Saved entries
━━━━━━━━━━━━━━━━━━━━

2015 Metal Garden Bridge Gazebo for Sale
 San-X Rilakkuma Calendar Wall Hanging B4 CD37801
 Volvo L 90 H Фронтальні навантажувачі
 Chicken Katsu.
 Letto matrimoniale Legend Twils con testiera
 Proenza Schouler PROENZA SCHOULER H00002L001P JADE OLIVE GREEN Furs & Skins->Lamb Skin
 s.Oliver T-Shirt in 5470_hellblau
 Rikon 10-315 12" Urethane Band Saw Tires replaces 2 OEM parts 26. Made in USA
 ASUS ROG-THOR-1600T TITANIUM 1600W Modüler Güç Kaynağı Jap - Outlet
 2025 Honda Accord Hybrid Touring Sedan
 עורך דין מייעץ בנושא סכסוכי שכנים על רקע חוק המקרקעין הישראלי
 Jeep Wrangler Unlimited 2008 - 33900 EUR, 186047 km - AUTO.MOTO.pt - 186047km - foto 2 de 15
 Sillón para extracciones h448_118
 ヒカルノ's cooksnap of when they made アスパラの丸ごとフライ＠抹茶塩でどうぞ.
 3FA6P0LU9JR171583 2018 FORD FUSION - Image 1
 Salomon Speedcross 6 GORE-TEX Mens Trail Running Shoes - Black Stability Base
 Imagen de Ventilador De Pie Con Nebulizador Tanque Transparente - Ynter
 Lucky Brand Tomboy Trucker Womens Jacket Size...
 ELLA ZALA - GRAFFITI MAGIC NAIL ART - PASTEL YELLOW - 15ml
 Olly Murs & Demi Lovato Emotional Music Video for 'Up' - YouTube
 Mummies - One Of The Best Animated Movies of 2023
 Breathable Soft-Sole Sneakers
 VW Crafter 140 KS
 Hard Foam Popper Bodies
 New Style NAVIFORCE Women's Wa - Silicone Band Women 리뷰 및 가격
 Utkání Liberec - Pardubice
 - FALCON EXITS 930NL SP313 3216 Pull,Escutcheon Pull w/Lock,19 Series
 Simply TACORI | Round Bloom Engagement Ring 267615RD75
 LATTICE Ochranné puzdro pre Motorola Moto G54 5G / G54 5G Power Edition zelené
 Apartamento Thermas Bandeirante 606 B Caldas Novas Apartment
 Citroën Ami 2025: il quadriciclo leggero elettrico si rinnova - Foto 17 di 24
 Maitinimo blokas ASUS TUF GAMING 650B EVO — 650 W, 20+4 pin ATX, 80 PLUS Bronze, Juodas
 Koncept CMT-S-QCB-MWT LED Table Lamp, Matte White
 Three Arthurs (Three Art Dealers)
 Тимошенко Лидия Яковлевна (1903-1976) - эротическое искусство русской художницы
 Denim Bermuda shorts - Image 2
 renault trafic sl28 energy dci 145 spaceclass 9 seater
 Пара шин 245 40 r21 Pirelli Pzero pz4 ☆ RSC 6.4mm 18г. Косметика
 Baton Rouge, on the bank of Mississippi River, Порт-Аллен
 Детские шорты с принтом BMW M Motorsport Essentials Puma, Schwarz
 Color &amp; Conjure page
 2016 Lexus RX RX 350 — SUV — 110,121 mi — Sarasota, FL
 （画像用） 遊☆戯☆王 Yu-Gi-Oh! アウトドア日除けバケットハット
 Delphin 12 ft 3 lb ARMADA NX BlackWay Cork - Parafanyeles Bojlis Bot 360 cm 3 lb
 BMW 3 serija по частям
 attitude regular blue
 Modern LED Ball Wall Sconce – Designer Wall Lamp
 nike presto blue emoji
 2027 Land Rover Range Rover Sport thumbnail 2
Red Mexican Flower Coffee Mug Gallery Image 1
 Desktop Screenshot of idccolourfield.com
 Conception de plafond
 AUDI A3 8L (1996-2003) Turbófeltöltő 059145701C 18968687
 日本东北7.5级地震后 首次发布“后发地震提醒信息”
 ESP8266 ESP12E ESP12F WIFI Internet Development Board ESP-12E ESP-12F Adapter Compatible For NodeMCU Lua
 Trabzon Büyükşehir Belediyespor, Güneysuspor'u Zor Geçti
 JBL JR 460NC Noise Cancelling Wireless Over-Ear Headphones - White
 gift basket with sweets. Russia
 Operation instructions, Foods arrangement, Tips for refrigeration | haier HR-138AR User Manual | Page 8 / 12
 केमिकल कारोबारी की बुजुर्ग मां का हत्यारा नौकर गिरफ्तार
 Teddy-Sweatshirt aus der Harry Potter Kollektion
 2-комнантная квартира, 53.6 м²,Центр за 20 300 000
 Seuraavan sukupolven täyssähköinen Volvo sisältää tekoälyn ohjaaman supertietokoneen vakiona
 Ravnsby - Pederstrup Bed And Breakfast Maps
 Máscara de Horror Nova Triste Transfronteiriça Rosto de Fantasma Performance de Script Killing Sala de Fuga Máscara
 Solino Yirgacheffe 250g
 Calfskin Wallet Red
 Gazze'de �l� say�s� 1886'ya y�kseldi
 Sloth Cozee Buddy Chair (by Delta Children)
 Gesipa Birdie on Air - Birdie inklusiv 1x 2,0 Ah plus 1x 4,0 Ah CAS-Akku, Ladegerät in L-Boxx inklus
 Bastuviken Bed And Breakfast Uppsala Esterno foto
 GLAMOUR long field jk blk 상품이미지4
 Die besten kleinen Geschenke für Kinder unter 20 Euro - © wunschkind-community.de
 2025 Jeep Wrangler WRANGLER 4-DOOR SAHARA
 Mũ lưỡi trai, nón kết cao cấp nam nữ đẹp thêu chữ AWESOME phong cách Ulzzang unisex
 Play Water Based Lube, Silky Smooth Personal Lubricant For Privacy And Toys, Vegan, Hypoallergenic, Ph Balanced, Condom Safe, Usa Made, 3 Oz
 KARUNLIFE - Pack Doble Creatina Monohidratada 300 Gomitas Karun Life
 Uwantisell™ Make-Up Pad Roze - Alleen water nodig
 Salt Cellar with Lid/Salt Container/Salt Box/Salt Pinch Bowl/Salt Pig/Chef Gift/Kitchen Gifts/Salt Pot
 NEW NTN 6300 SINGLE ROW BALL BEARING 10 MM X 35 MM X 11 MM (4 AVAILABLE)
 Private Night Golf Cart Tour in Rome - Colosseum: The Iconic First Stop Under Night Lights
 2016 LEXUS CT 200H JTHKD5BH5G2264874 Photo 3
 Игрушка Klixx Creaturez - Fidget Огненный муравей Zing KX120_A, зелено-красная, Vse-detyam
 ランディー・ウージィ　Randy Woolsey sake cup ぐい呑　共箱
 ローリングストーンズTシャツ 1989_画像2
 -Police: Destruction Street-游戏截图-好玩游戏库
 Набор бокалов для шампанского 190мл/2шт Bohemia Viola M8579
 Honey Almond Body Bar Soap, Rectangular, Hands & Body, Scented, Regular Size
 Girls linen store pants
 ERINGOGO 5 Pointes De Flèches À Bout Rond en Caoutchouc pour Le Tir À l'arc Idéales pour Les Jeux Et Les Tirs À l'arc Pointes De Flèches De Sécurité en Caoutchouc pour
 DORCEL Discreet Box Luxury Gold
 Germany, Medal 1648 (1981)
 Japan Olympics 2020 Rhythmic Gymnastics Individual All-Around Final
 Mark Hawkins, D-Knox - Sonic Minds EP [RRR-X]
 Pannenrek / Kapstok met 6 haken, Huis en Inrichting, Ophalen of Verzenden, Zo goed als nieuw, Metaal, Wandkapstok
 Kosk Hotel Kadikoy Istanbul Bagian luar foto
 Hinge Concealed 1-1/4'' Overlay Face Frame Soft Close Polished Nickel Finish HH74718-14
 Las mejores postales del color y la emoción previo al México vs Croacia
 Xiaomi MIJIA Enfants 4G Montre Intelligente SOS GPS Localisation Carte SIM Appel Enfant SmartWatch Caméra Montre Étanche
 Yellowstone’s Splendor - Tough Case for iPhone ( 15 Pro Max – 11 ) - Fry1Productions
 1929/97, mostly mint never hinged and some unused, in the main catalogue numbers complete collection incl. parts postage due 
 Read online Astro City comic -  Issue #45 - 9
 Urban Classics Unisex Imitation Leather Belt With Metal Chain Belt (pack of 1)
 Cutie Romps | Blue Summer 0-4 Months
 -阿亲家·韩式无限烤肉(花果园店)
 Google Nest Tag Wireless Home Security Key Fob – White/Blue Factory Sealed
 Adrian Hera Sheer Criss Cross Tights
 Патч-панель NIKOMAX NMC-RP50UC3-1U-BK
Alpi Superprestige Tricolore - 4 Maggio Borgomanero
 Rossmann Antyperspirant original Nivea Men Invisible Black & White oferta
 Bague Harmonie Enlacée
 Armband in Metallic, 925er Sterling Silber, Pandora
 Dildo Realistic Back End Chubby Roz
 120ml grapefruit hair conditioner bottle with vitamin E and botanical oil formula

━━━━━━━━━━━━━━━━━━━━

What you should do:
Copy out exactly the lines from the one containing "Патч-панель NIKOMAX NMC-RP50UC3-1U-BK" through the last line above, keeping both end lines.

Reply to the exercise:
 Патч-панель NIKOMAX NMC-RP50UC3-1U-BK
Alpi Superprestige Tricolore - 4 Maggio Borgomanero
 Rossmann Antyperspirant original Nivea Men Invisible Black & White oferta
 Bague Harmonie Enlacée
 Armband in Metallic, 925er Sterling Silber, Pandora
 Dildo Realistic Back End Chubby Roz
 120ml grapefruit hair conditioner bottle with vitamin E and botanical oil formula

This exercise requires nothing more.